About this exercise - Extract, in full, the lines below, beginning at the first and ending with the line that contains "Halfway through our". Pictures do not belong in the copy.

Information -
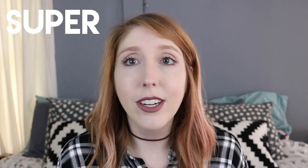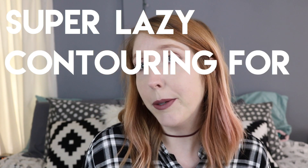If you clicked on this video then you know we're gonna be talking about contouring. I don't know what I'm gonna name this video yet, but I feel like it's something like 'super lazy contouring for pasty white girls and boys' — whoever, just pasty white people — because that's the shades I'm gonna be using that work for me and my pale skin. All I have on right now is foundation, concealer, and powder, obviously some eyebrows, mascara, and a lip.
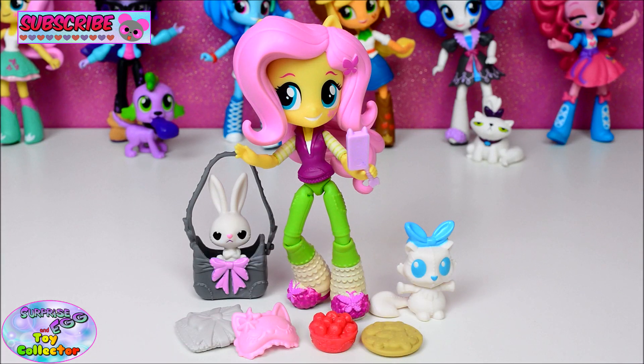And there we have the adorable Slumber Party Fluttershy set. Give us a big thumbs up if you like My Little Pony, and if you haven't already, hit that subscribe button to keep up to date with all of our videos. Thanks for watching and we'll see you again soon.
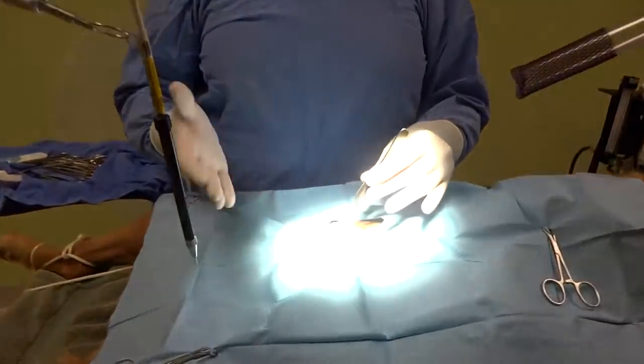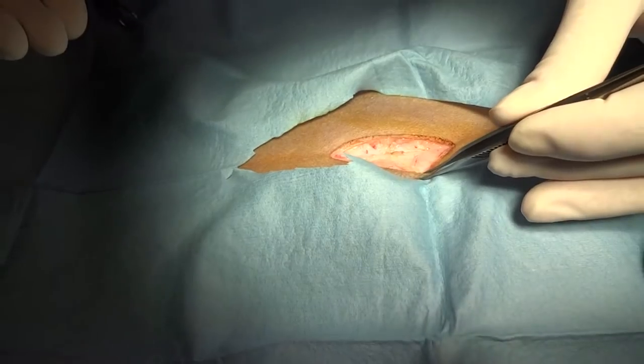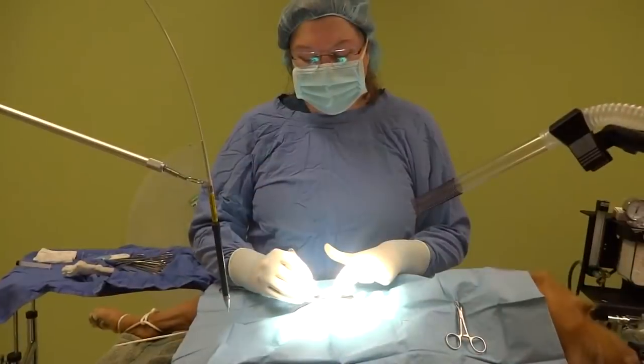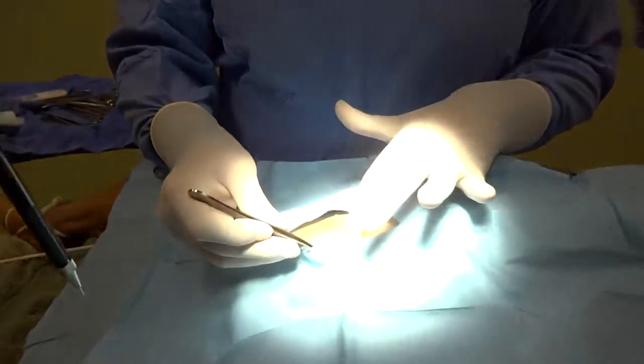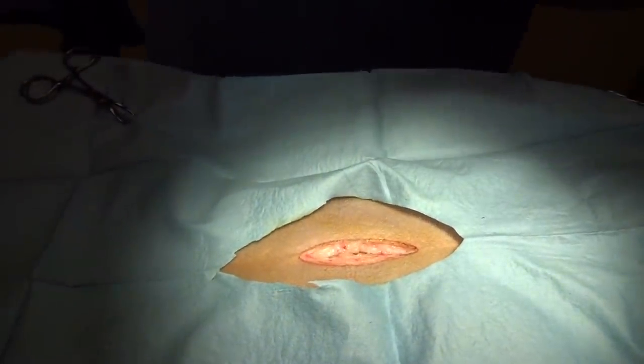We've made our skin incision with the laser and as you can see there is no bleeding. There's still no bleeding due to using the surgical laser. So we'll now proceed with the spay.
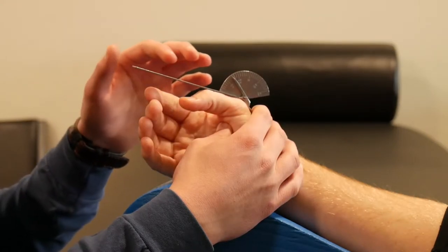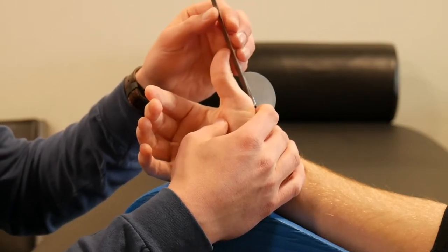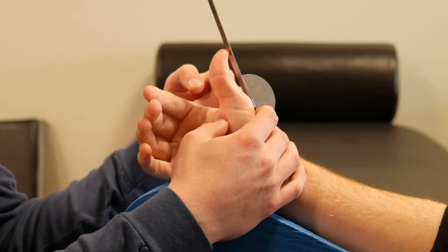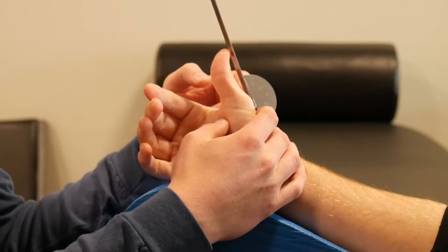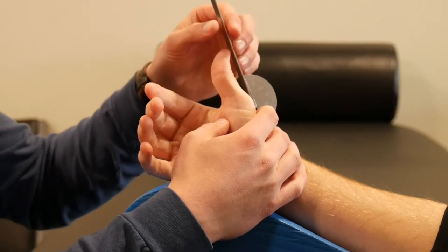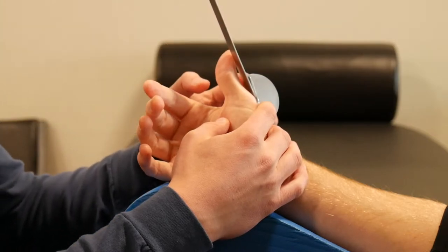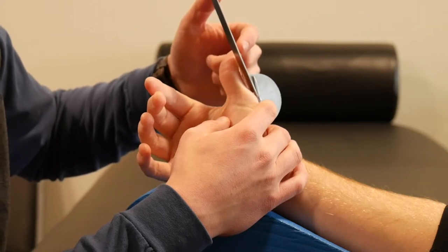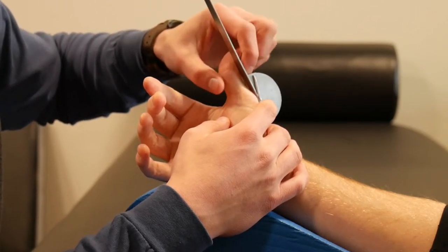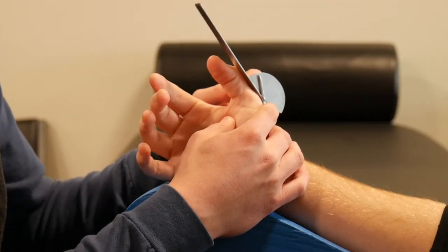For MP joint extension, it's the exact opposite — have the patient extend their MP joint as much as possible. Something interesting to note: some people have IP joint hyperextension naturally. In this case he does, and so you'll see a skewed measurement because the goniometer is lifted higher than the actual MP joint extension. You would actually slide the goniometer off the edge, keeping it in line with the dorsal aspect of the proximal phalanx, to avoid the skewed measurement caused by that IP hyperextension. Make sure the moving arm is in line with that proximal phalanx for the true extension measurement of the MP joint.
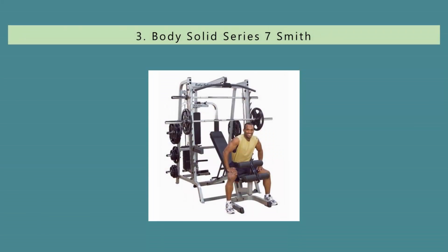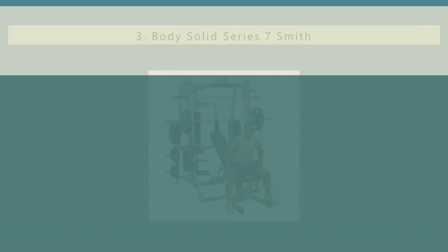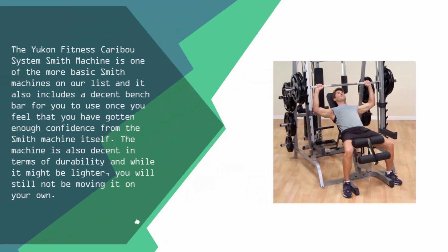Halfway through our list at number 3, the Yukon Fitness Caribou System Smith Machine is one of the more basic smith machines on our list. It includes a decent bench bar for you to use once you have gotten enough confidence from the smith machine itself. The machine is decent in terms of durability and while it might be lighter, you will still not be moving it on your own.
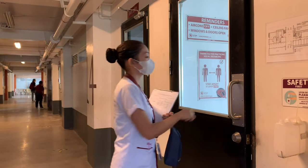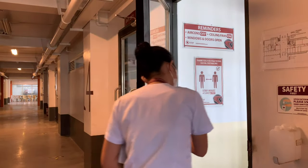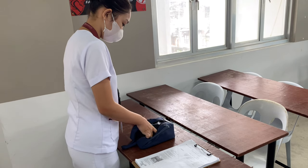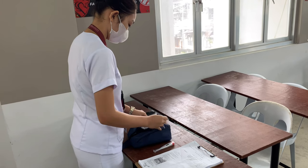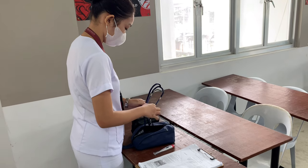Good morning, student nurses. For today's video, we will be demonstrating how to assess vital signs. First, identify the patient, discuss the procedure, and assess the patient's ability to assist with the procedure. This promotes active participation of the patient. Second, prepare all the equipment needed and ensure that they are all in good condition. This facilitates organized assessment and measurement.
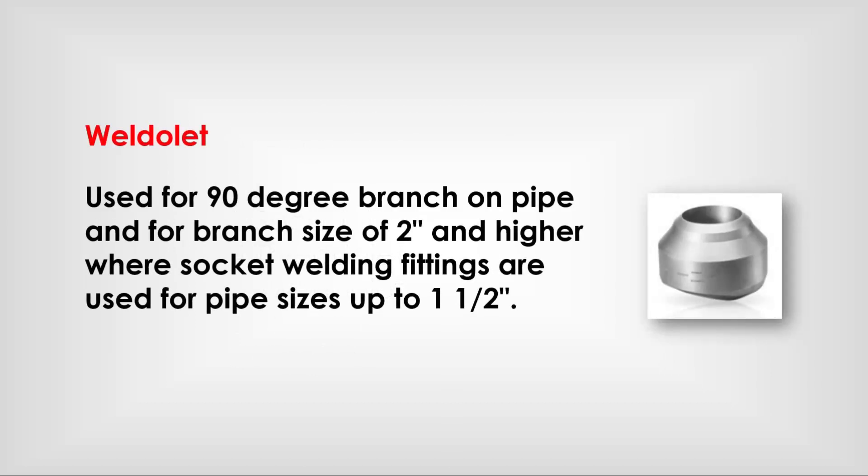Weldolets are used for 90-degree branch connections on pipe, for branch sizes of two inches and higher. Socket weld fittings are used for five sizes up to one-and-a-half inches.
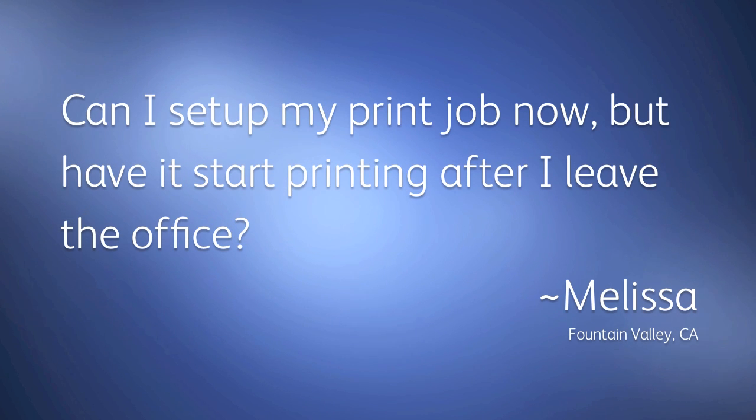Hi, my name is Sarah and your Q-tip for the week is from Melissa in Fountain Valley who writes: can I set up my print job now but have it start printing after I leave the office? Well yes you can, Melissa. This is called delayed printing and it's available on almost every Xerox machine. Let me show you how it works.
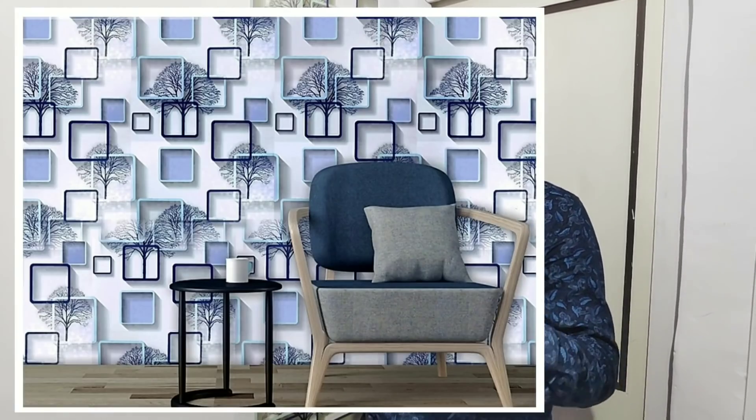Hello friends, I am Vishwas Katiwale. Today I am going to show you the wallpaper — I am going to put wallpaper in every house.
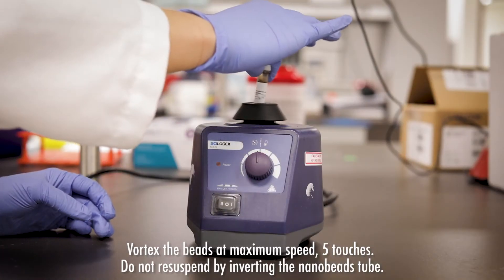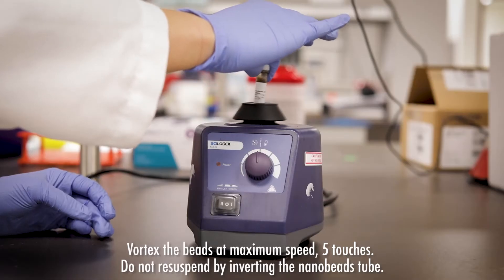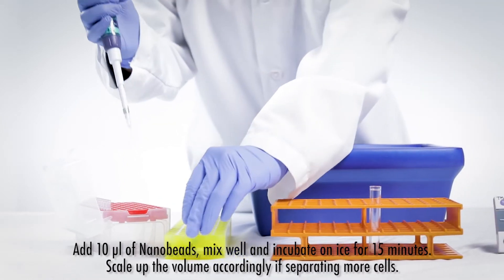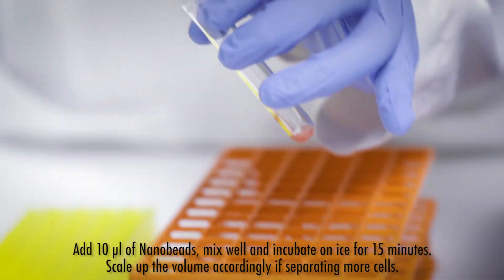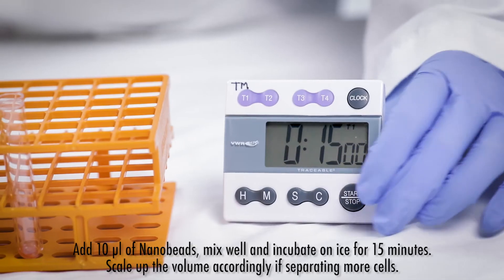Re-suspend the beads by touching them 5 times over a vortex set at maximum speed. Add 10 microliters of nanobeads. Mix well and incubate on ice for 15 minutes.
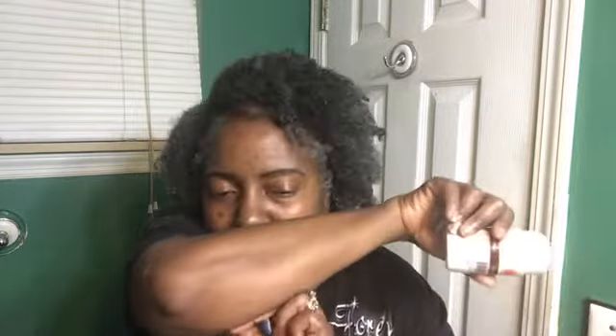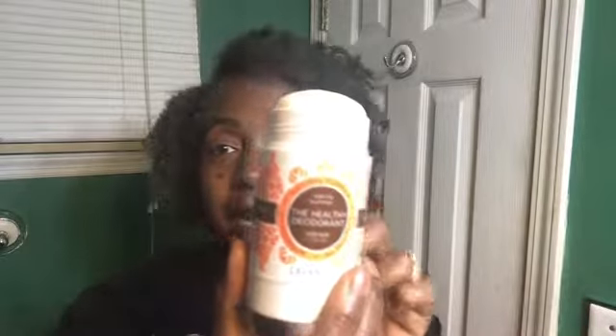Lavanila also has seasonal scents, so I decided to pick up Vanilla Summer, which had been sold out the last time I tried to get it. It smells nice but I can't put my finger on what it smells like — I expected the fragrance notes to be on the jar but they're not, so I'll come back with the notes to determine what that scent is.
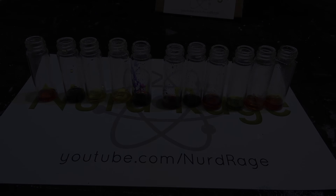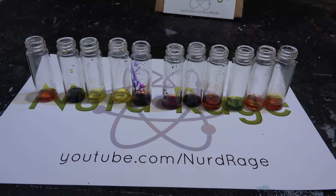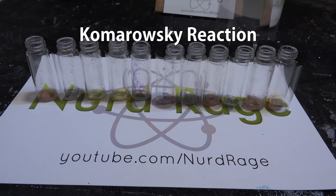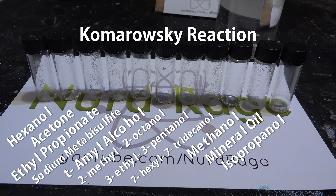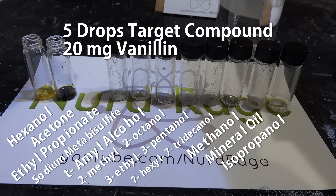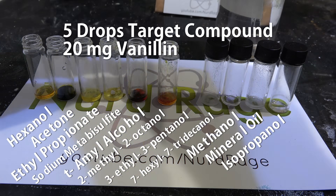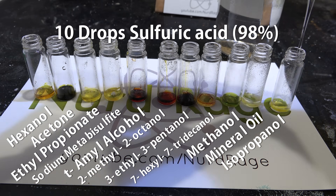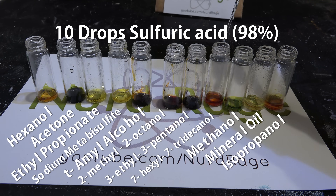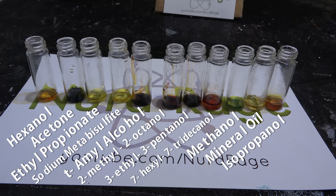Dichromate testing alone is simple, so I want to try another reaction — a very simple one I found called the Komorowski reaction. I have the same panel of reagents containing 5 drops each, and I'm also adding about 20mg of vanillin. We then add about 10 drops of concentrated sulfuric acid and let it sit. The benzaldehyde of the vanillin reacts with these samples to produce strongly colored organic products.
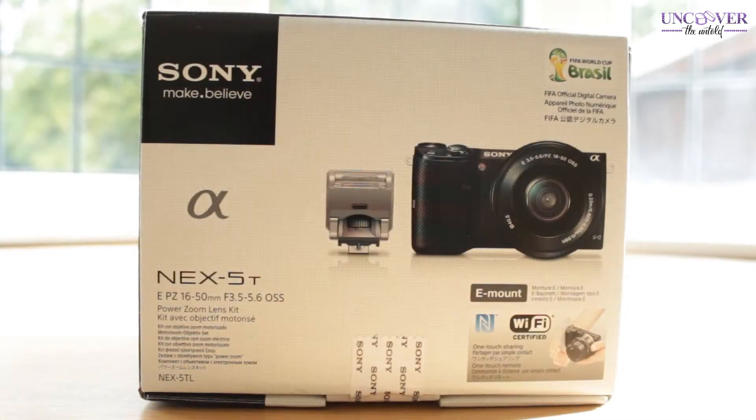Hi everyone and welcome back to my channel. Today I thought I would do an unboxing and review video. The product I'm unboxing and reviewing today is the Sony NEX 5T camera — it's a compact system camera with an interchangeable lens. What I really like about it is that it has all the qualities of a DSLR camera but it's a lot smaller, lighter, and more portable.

Answer to the exercise -
If you clicked on this video then you know we're gonna be talking about contouring. I don't know what I'm gonna name this video yet, but I feel like it's something like 'super lazy contouring for pasty white girls and boys' — whoever, just pasty white people — because that's the shades I'm gonna be using that work for me and my pale skin. All I have on right now is foundation, concealer, and powder, obviously some eyebrows, mascara, and a lip.
And there we have the adorable Slumber Party Fluttershy set. Give us a big thumbs up if you like My Little Pony, and if you haven't already, hit that subscribe button to keep up to date with all of our videos. Thanks for watching and we'll see you again soon.
We've made our skin incision with the laser and as you can see there is no bleeding. There's still no bleeding due to using the surgical laser. So we'll now proceed with the spay.
For MP joint extension, it's the exact opposite — have the patient extend their MP joint as much as possible. Something interesting to note: some people have IP joint hyperextension naturally. In this case he does, and so you'll see a skewed measurement because the goniometer is lifted higher than the actual MP joint extension. You would actually slide the goniometer off the edge, keeping it in line with the dorsal aspect of the proximal phalanx, to avoid the skewed measurement caused by that IP hyperextension. Make sure the moving arm is in line with that proximal phalanx for the true extension measurement of the MP joint.
Halfway through our list at number 3, the Yukon Fitness Caribou System Smith Machine is one of the more basic smith machines on our list. It includes a decent bench bar for you to use once you have gotten enough confidence from the smith machine itself. The machine is decent in terms of durability and while it might be lighter, you will still not be moving it on your own.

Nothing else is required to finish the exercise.